Les termes de cet accord signé par Sultani Makenga pour l’AFC/M23 et la SADC :
- L’AFC/M23 facilite le retrait immédiat des troupes du SAMIRC avec leurs armes et équipements, en laissant derrière elles toutes les armes et équipements des FARDC en leur possession.
- L’AFC/M23 doit coordonner la liberté de mouvement du SAMIRC en préparation du retrait conformément aux principes convenus.
- Les deux parties faciliteront l’évaluation par l’équipe technique conjointe de l’état de l’aéroport international de Goma en vue de sa réouverture.
- La SADC contribuera à la réparation de l’aéroport international de Goma afin de faciliter le retrait de la SAMIDRC.
- Tenir une réunion de suivi conjointe entre la SADC et l’AFC/M23 en un lieu et une date à déterminer.
- La tenue d’une réunion conjointe de suivi entre la SADC et l’AFC/M23 dans un lieu et à des dates à convenir.
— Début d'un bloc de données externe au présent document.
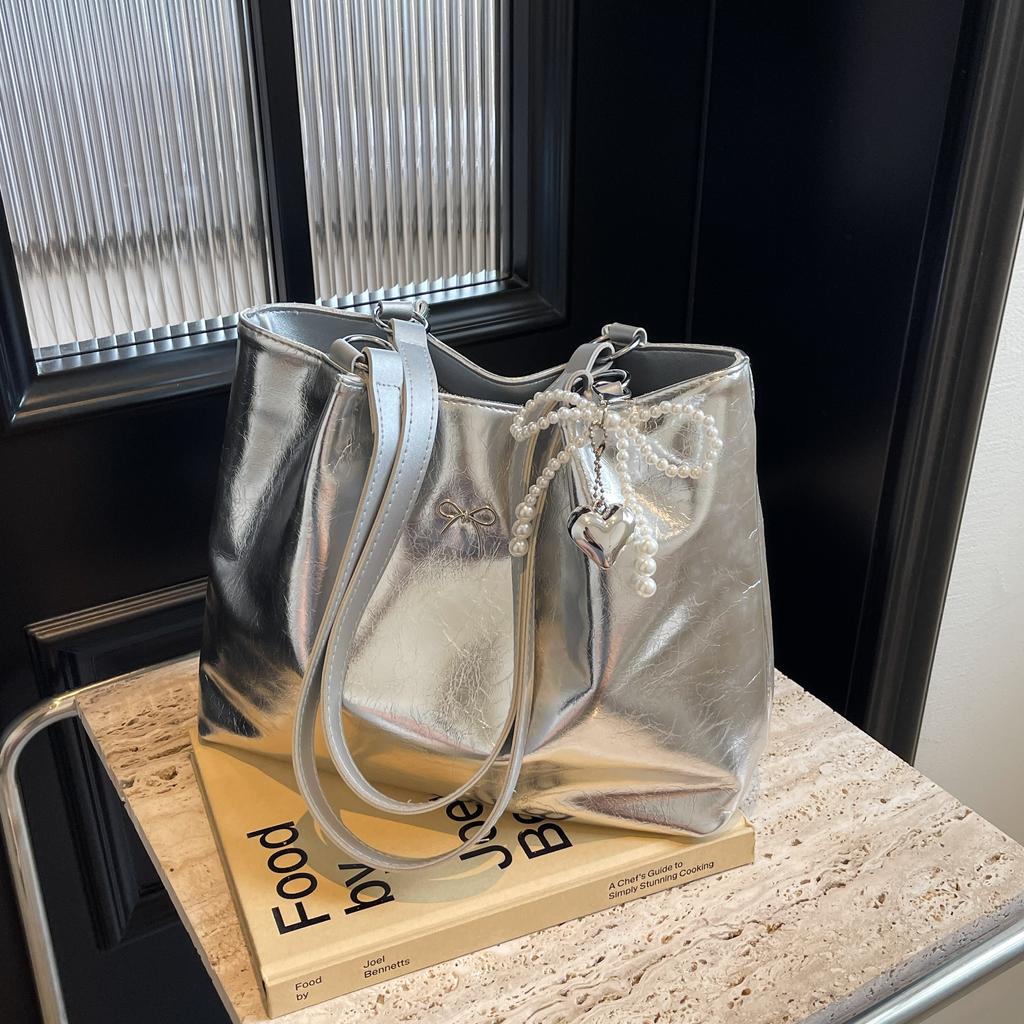 Leisure Commuting Large Capacity Bag for Women  New High-end Shoulder Bag, Fashionable Handheld Tote Bag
Les Droits Humains ignorés
Les experts des Droits de l’Homme, censés documenter ces abus, se heurtent à un mur. Une délégation du Haut-Commissariat aux Droits de l’Homme, prévue pour février 2025, n’a pas été autorisée à entrer à Goma par le M23, selon un communiqué de l’ONU/Genève daté du 7 février. Surya Deva, Président du Comité de Coordination des Procédures Spéciales, a dénoncé « une violence d’une ampleur sans précédent », incluant des recrutements forcés d’enfants et des violences sexuelles systématiques, dans un rapport présenté le même jour.
Sur le terrain, les témoignages affluent. Le mouvement citoyen LUCHA a rapporté sur X le 16 mars 2025 les propos d’un mécanicien de Goma : « Vous êtes venus calmement dans notre ville, mais c’est nous que vous insécurisez… Arrêtez de nous enrôler dans vos bêtises. Je ne sais pas manier une arme ». Ces recrutements forcés, orchestrés par le M23 et la RDF, exacerbent la terreur.
Un avenir sombre
Si la situation est déjà intenable, le pire est à craindre. Bintou Keita a averti le 27 mars 2025 que l’AFC/M23, avec le soutien des RDF, vise désormais les provinces de la Tshopo et du Maniema, au risque d’une escalade régionale. « Un cessez-le-feu inconditionnel est essentiel », a-t-elle plaidé, appelant le Conseil de Sécurité à agir.
Mais pour l’heure, Goma reste une ville sous occupation, où la population, résignée ; cohabite avec son bourreau dans une prison sans barreaux physiques, mais aux murs de peur et de désespoir infranchissables.